Questioning the real risk level of exposure to radioactivity
For many years, I have been involved in discussions with a dedicated group of scientists and engineers who question the basis of our current radiation control limits. According to the way that these people, mostly member of an organization called Radiation, Science and Health, interpret the results of hundreds of carefully conducted studies, the Linear, No Threshold (LNT) model is completely wrong.
(Note: Please do not let the ugly RSH web site deter you. It hosts some fine science papers and commentary; it is too bad that the web master is more engineer than web designer.)
For those of you who are not familiar with the debate that is raging in certain circles, the LNT model assumes that there is no such thing as a safe level of radiation. The model draws a straight line from the hazards that can be measured at very high doses and assumes that the line goes all the way to the 0, 0 point on a risk versus dose graph.
Under the LNT model, risk is not zero until dose is zero. This is the model that is used to predict scary numbers of eventual cancer deaths in a very large population of people who receive minimal doses. The technique is called “collective dose”. It is particularly galling to many scientists to see it being used to predict large numbers of deaths from relatively benign causes.
Even with a very tiny, non zero risk number, if you multiply that number by an exposed population numbering in the tens of millions, you can end up with thousands of eventual deaths. My friends from RSH like to use an aspirin analogy to describe how frustratingly unscientific such a curve is if applied against other hazards.
The aspirin analogy goes something like this – a single person taking a whole bottle of 500 aspirin tablets at one time has a high probability of death. That same person consuming the bottle’s contents over a 500 day period is likely to have a positive health effect. The original bottle can also be consumed safely in a short period if the pills are given to 500 people. If the pills are distributed to 1000 or 10,000 people it would be absurd to compute that the bottle of pills could possibly lead to harm to any one of the members of the group.
The economic implications of using the LNT as the basis for regulation are incredibly large. For example, much of the money (nearly $10 billion so far) spent to characterize Yucca Mountain has been done to provide the scientific basis for meeting a 15 mrem per year exposure limit to the most exposed person. In a world where average background levels of radiation exposure exceed 300 mrem per year for some people and 7000 mrem per year for others, it is crazily expensive to design a system that can limit accidental exposures from used nuclear fuel to less than 15 mrem per year for 10,000 to 1,000,000 years.
The campaigners against the LNT keep hitting brick walls erected by bureaucrats whose careers have been built on the idea that there is no such thing as a safe dose and they have also been stymied by those companies who have captured the lion’s share of the billions spent in excessive protection efforts and clean ups. Never forget that “one man’s cost is another man’s revenue.”
The LNT supporters are facing increasing questioning because they do not have a scientific leg to stand on. A recent article in Spiegel Online discussed some of the recent efforts to determine just how dangerous radiation is for humans. The article is a two part exposition titled Nuclear Exaggeration: Is Atomic Radiation as Dangerous as We Thought? It is well worth a read to find out how curious researchers are finding out that many of the myths and assumptions are simply not true.

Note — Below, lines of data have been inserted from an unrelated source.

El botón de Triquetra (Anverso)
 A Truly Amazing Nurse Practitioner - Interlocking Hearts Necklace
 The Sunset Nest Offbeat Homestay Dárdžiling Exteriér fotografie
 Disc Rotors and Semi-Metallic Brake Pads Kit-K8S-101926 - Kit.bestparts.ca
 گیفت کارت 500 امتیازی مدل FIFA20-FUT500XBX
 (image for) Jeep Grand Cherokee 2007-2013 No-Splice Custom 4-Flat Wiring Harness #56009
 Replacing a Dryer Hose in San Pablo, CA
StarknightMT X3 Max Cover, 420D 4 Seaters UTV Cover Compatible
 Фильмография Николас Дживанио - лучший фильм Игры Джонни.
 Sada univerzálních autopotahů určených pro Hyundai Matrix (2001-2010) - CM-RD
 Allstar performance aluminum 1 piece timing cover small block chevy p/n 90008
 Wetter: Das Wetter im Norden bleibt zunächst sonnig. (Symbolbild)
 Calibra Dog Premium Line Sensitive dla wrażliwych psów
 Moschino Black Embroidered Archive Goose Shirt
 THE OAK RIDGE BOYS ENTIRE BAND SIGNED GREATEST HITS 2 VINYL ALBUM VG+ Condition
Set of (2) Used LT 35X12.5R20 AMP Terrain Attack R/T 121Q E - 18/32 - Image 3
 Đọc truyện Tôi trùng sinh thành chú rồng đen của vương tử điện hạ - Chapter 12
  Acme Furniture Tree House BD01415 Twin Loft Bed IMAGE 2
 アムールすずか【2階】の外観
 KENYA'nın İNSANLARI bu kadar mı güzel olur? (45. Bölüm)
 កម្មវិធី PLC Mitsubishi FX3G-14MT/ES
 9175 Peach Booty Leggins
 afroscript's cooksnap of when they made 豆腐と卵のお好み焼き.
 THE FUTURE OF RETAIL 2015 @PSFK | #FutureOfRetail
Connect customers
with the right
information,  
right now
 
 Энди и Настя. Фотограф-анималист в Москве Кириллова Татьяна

For example, the article states that there is simply no evidence at all of an increase in the normal rate of birth defects from the 87,000 member cohort of Hiroshima victims that has been intensively studied for more than 60 years. The article also provides some very intriguing commentary about the effects of exposure to a group of Soviet era plutonium workers. Go and read it now.
Please do not get me wrong, I know that radiation in sufficient doses can kill you. I also know, however, that there are doses where the hazard is low enough to be below concern and I am pretty well convinced that there is a range of doses which can provide beneficial stimulus response. According to some of my scientific friends, efforts to reduce doses to zero can actually be hazardous to your health by removing a necessary component of healthy, natural living. After all, the Earth is a naturally radioactive place, but humans are pretty well adapted to living here.
What do you think? Is it time to call loudly for reform of radiation protection measures and especially for a complete repudiation of the idea of applying collective dose computations in license applications and in accident analysis?